If you watched any of the 2015 Marlins, you're getting more of the same from the 2016 lineup.  The biggest change is that we get to see Justin Bour from the start of the season.  Otherwise, this is literally the same offense from last season.

Dee Gordon starts it off, followed by the big bats of the outfield.  The biggest of those bats being Giancarlo Stanton.  The question around the Marlins superstar has never been will he produce.  He has 64 home runs in the last two seasons despite missing over 100 games due to injury.  That's insane production.

The real question with Stanton is can he stay healthy?

One season we're going to see a full year of Stanton in his prime.  For the Marlins to have any shot at being successful this season, that needs to be this year.

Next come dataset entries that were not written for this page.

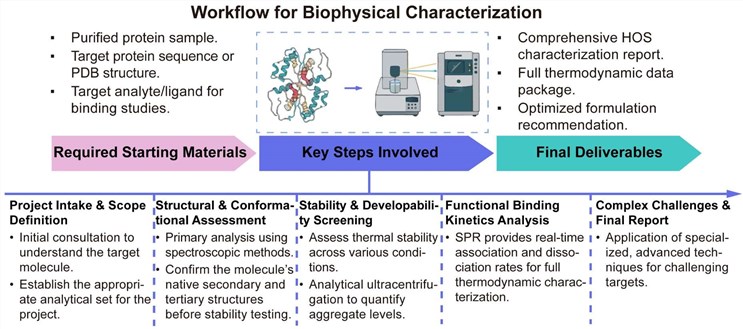 A simple procedure for biophysical characterization service. (Creative Biolabs Original)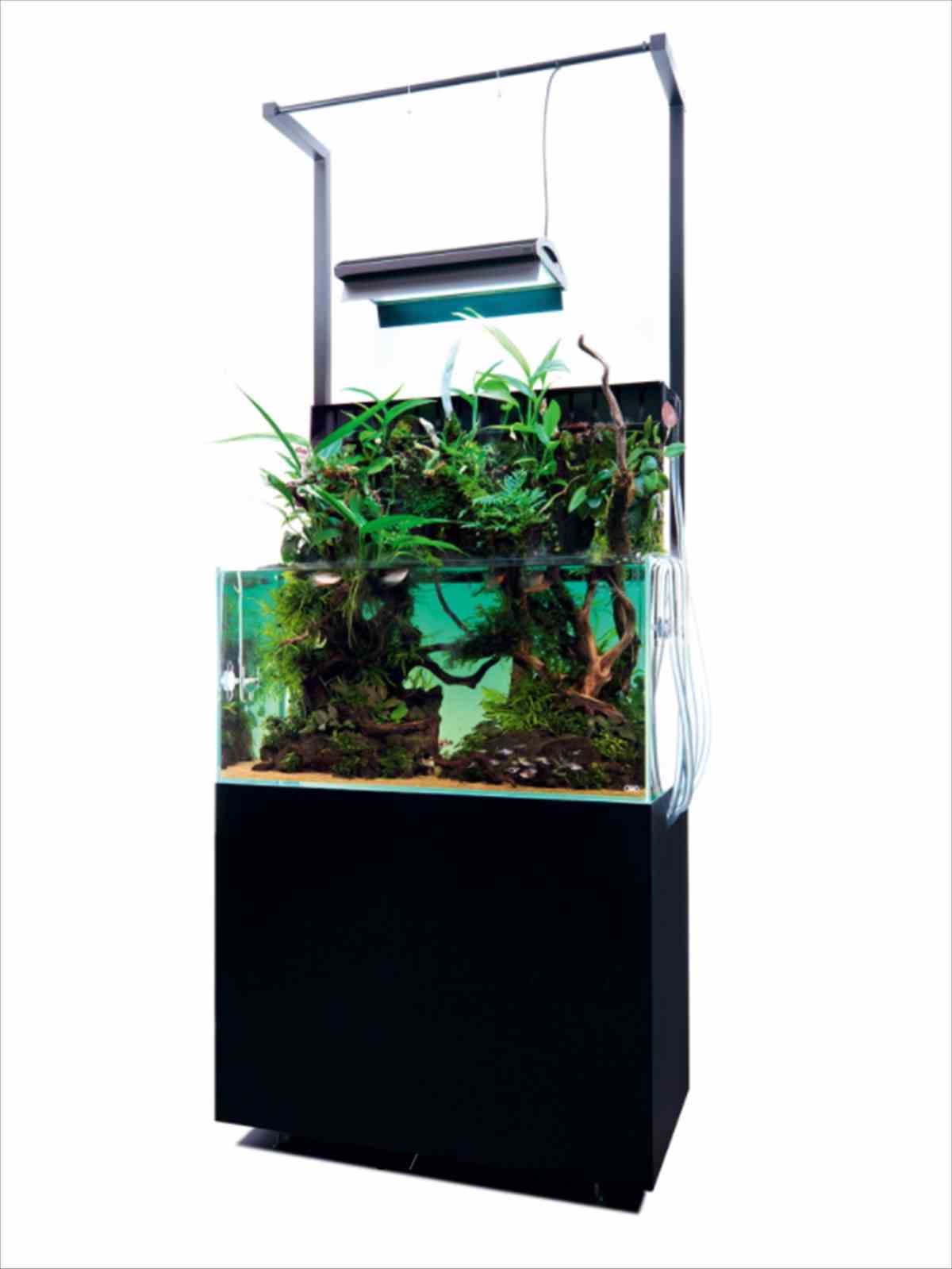 ADA アクアスカイG DOOA侘び草ウォール60 ADA アクアスカイG DOOA侘び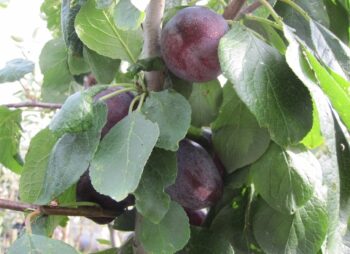 PLUM VICTORIA
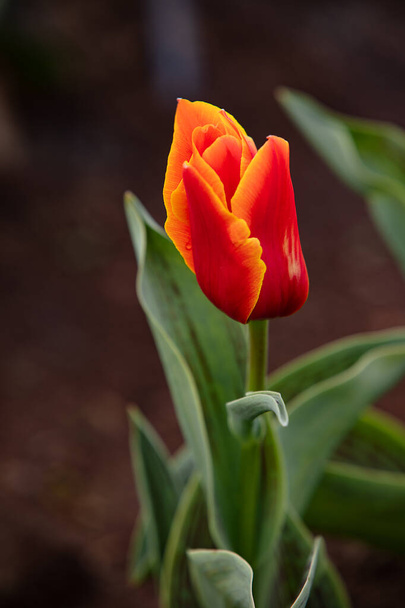 Цветение тюльпана в парке как иллюстрация весны и новой жизни - Фото, изображение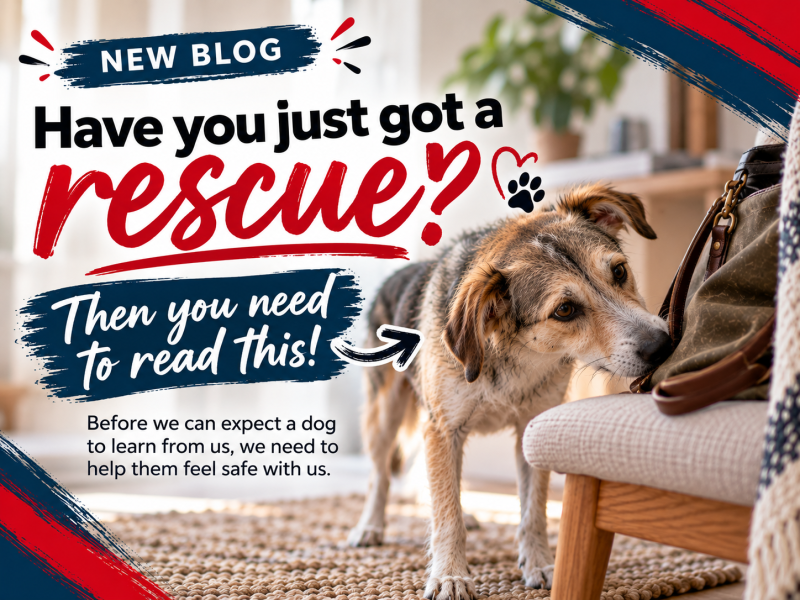 Have You Just Adopted a Rescue Dog? Here's Why Building Trust Should Come Before Obedience ?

Stanton is the key to the offense.  With him,  the Marlins have a young lineup anchored by a true slugging star.  He's that important to this team.  He totally changes the dynamic of what they can do.

Gordon proved last season he's on the rise and his success in Los Angeles wasn't a fluke.  Christian Yelich had an all-star type 2nd half of the season and Marcell Ozuna has the talent for a big bounce back.

Mattingly seems determined to make Ozuna work as the number two hitter in the lineup.  While I'm not sold that's his best spot, it's hard to argue with how he looks in the spring.  Ozuna seems fine with handling that role in the lineup.

Bour is getting a crack to be an everyday player, and he showed enough last season, in particular against righties, that he can be solid.

You know what you're getting from Martin Prado and Adeiny Hechavarria, while JT Realmuto took a really nice step forward offensively in 2015.

Here's the real issue with the Marlins on offense and the real problem for a team with AGAIN one of the lowest payrolls in baseball; they have very little depth.

They'll tell you Ichiro, Chris Johnson and Derek Dietrich are versatile guys who can be solid contributors, and I do believe they're fine off the bench with spot starts.  But, if you have to count on those guys for any more than that, this offense will likely struggle.  The depth on this team is super thin.  You get what you pay for.

If they lose Stanton (when not if?) they'll be in huge trouble.  They have no real options in the minor leagues ready to help.

At best, the Marlins are an exciting young offense that can score runs, but in reality they'll likely fall somewhere in the middle.  We know how hard it is to have a perfect health season from top to bottom of a lineup.  It's also asking a lot for every player to make that next step.  If Bour falls flat on his face or Ozuna looks like he did last season or Yelich gets off to another slow start or Prado finally hits the wall, this offense will take a step back.  That's not even taking into account if Stanton gets injured again.

You see why I'm a little concerned about this offense?  The margin for error is slim.

Which brings us to the rotation, or shall I say Jose Fernandez.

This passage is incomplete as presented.